> [WORK TASK]:
Output every entry below exactly, without its pictures.

> [DATA]:
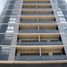 2 Habitación Apartamento en alquiler en Zapopan, Jalisco, Zapopan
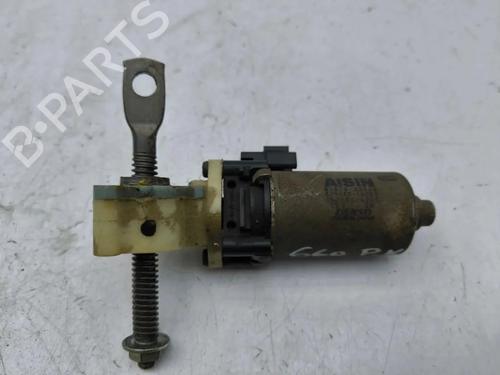 Electronic module LEXUS GS (_S19_) 350 AWD (GRS196_, GRS196R) | BP34216996M83 - Image 4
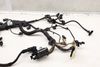 Engine Wire / Wiring Harness 12518579348 — photo 2
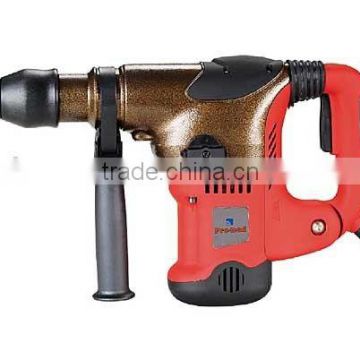 38mm Electric Hammer Drill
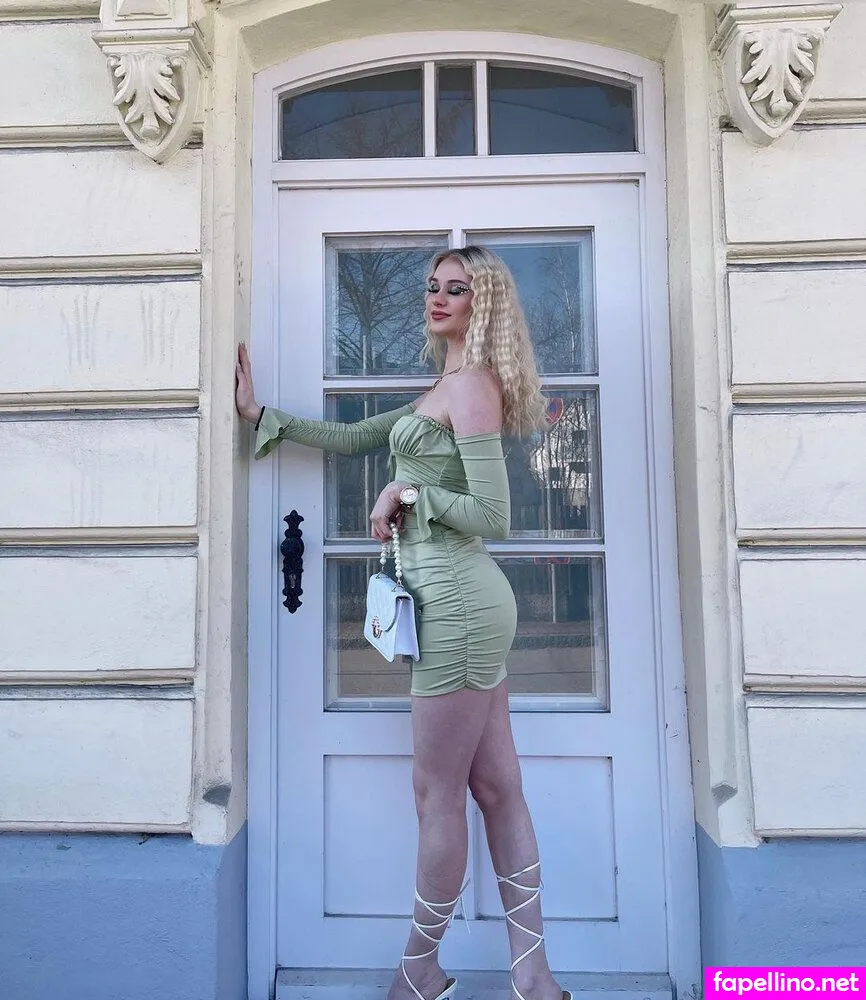 jasi_xx3 Nude Leaked OnlyFans Photo #Y1AlxJe1v8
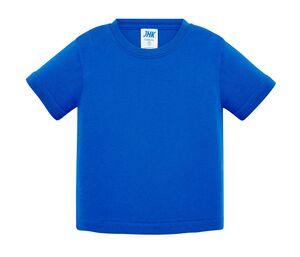 JHK JHK153 - T-shirt för barn Royal Blue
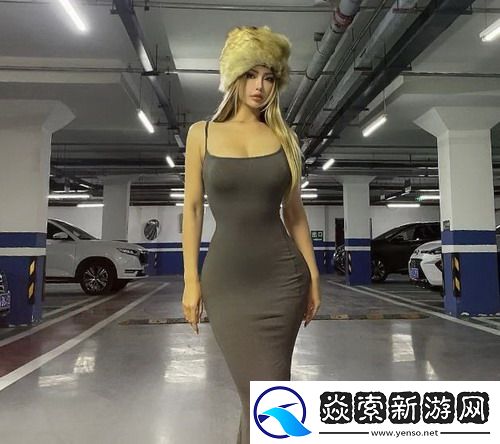 燕云十六声失窃的头坛酒任务完成攻略，让你轻松逆袭，网友：{一文看懂，秒变高手}!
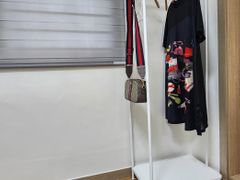 망원한강공원 풀옵션원룸 6번째 이미지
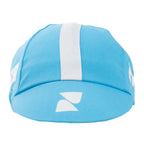 NITTO Cycle Cap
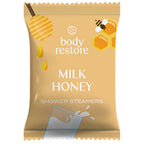Milk Honey Dusch-Duftstein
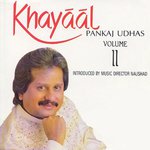 Khushiyon Ke Khwaab Dekhe (Live) Pankaj Udhas Song Download Mp3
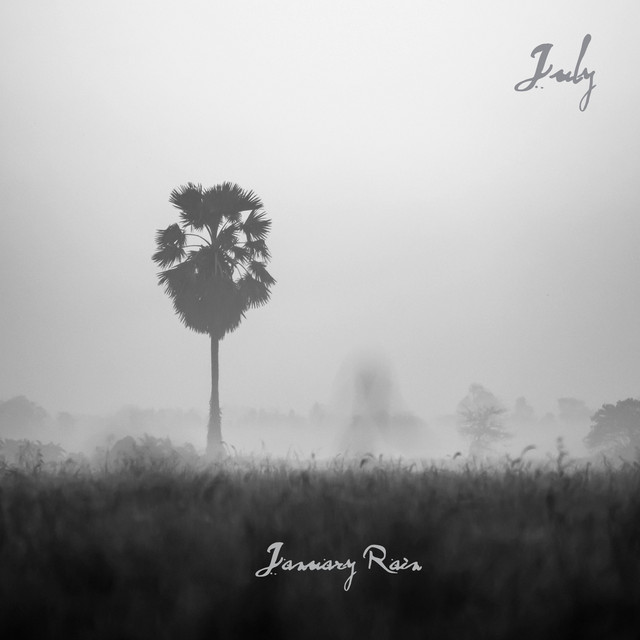 8 cover art
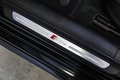 Миниатюра 19 - Audi A3 Sportback Quattro/AMBITION/S LINE/DACHRELING/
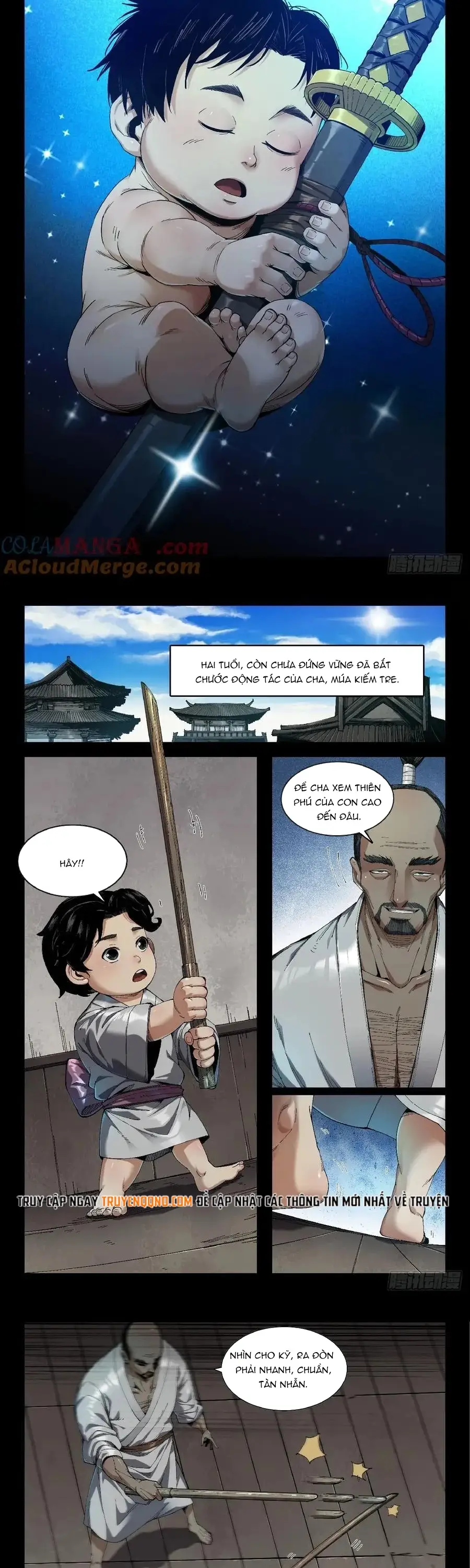 Trang 5
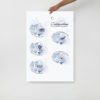enhanced matte paper poster in 24x36 front 647f524129f71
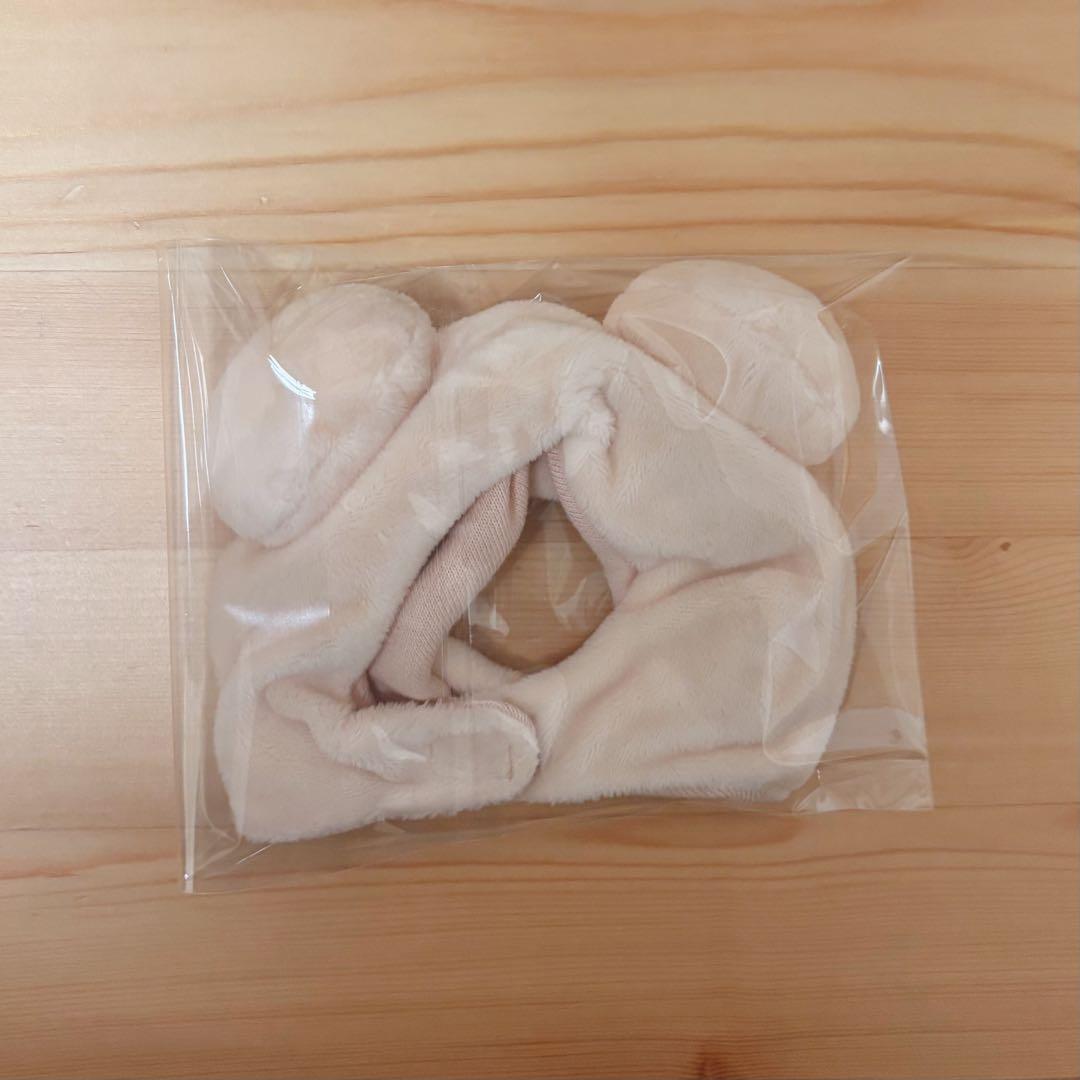 StrayKids スキズ ペンライトカバー ver2 パピーム - メルカリ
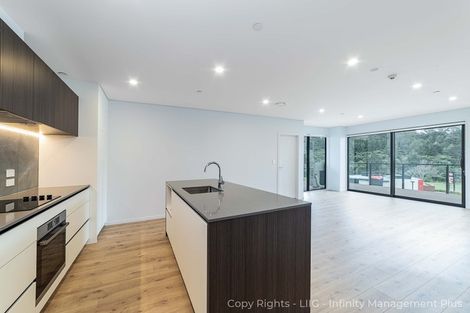 Photo of property in 317/3 Kaipiho Lane, Albany, Auckland, 0632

> [RESPONSE TO THE EXERCISE]:
 2 Habitación Apartamento en alquiler en Zapopan, Jalisco, Zapopan
 Electronic module LEXUS GS (_S19_) 350 AWD (GRS196_, GRS196R) | BP34216996M83 - Image 4
 Engine Wire / Wiring Harness 12518579348 — photo 2
 38mm Electric Hammer Drill
 jasi_xx3 Nude Leaked OnlyFans Photo #Y1AlxJe1v8
 JHK JHK153 - T-shirt för barn Royal Blue
 燕云十六声失窃的头坛酒任务完成攻略，让你轻松逆袭，网友：{一文看懂，秒变高手}!
 망원한강공원 풀옵션원룸 6번째 이미지
 NITTO Cycle Cap
Milk Honey Dusch-Duftstein
 Khushiyon Ke Khwaab Dekhe (Live) Pankaj Udhas Song Download Mp3
 8 cover art
 Миниатюра 19 - Audi A3 Sportback Quattro/AMBITION/S LINE/DACHRELING/
 Trang 5
enhanced matte paper poster in 24x36 front 647f524129f71
 StrayKids スキズ ペンライトカバー ver2 パピーム - メルカリ
 Photo of property in 317/3 Kaipiho Lane, Albany, Auckland, 0632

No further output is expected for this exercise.